Main points
- Corruption in the forestry sector is shaped by a complex interplay of local political–economic conditions and broader structural factors, such as the high economic value of forest resources, weak and opaque governance systems, unclear land tenure and limited oversight in remote forest areas.
- Corrupt networks in the forestry sector involve a wide array of actors, including forestry officials, other government agencies, law enforcement, private logging companies and organised crime groups, with the specific constellation of actors varying by local contexts and type of illegal activity.
- Corruption in the forestry sector ranges from petty forms (e.g. bribery) to high-level corruption, such as state capture, enabling both illegal activities (e.g. timber laundering, logging in protected areas) and illicit access to legal rights (e.g. obtaining logging permits through bribes).

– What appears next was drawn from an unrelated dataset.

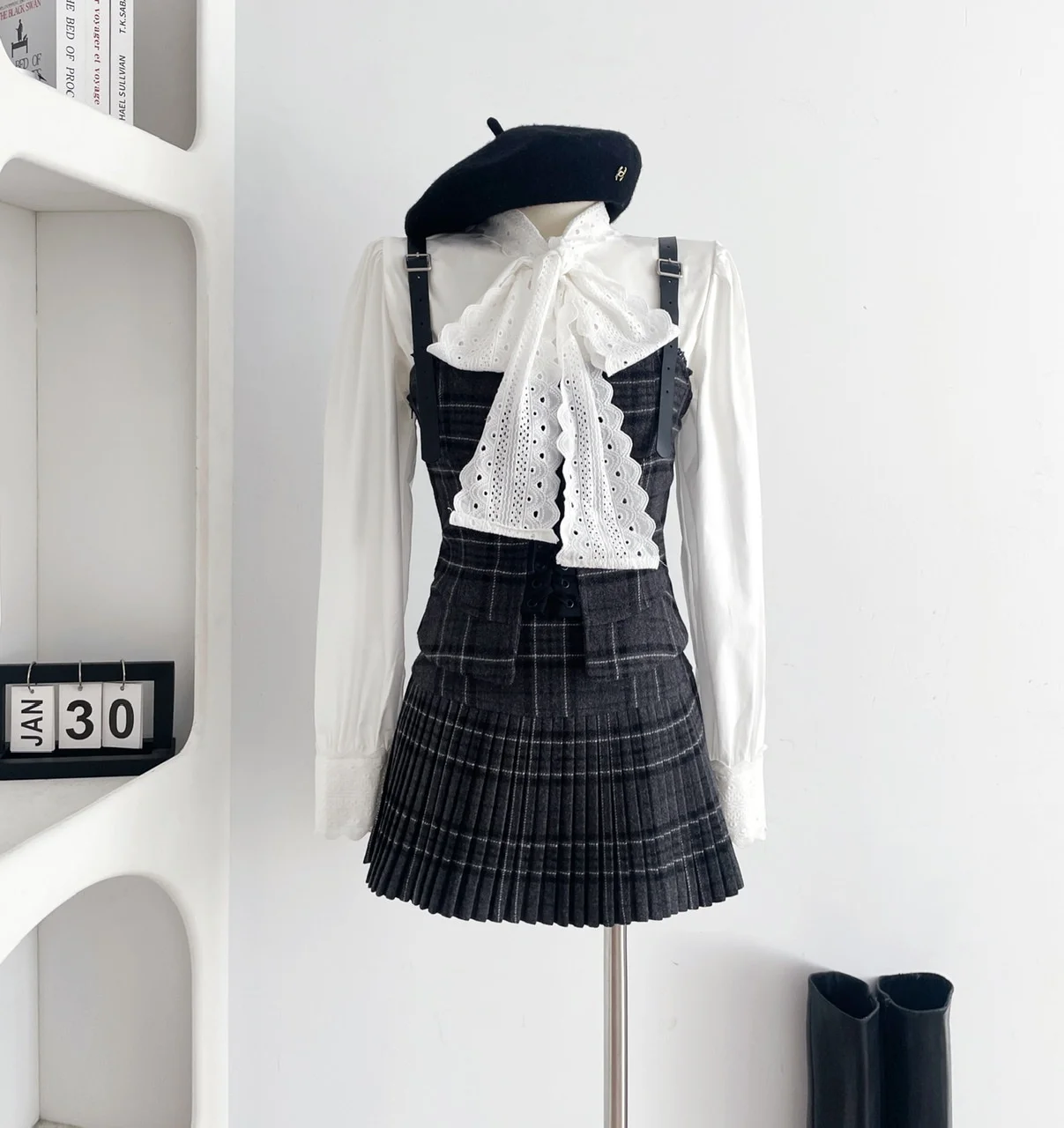 Conjunto de 3 piezas estilo retro coreano de otoño para mujer, camisa blanca, chaleco de tirantes y falda plisada, diseño de estilo universitario, moda Y2K.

- Two broad groups of studies estimate losses in the forestry sector: those assessing overall economic and revenue losses (including but not limited to corruption) and those estimating losses specifically attributable to corruption. Most rely on indirect estimation methods (such as trade data discrepancies, wood balance analyses, import source analyses, expert surveys) or hybrid approaches to gauge the scale of illegal logging and associated losses.
- Estimating corruption-related losses remains constrained by scarce and inconsistent data, underreporting of corruption offences, differing definitions of illegality and a lack of reliable, machine-readable administrative and judicial records. As a result, estimates vary and rarely isolate the fiscal impact of corruption from broader illegal logging activity.
- Notable global assessments illustrate the scale of economic losses linked to illegal logging: for example, the World Bank (2019) estimates a combined value of illegal logging, fishing, and wildlife trade at over US$1 trillion annually, with source countries losing US$7 billion to US$12 billion in revenue each year and foregone tax revenues from illegal logging alone reaching US$6 billion to US$9 billion.
- Despite broad recognition that corruption facilitates illegal logging and influences related losses, very few studies quantify corruption-specific revenue impacts, and those that do either lack a clear methodological description or analyse only broad cross-country correlations between corruption and forest loss, relying on distant proxies for corruption.
- Complementing regulatory measures, effective anti-corruption oversight of the forestry sector can be done using prevention and detection tools, corruption risk management, transparency and due diligence systems, beneficial ownership checks and emerging data driven and AI solutions.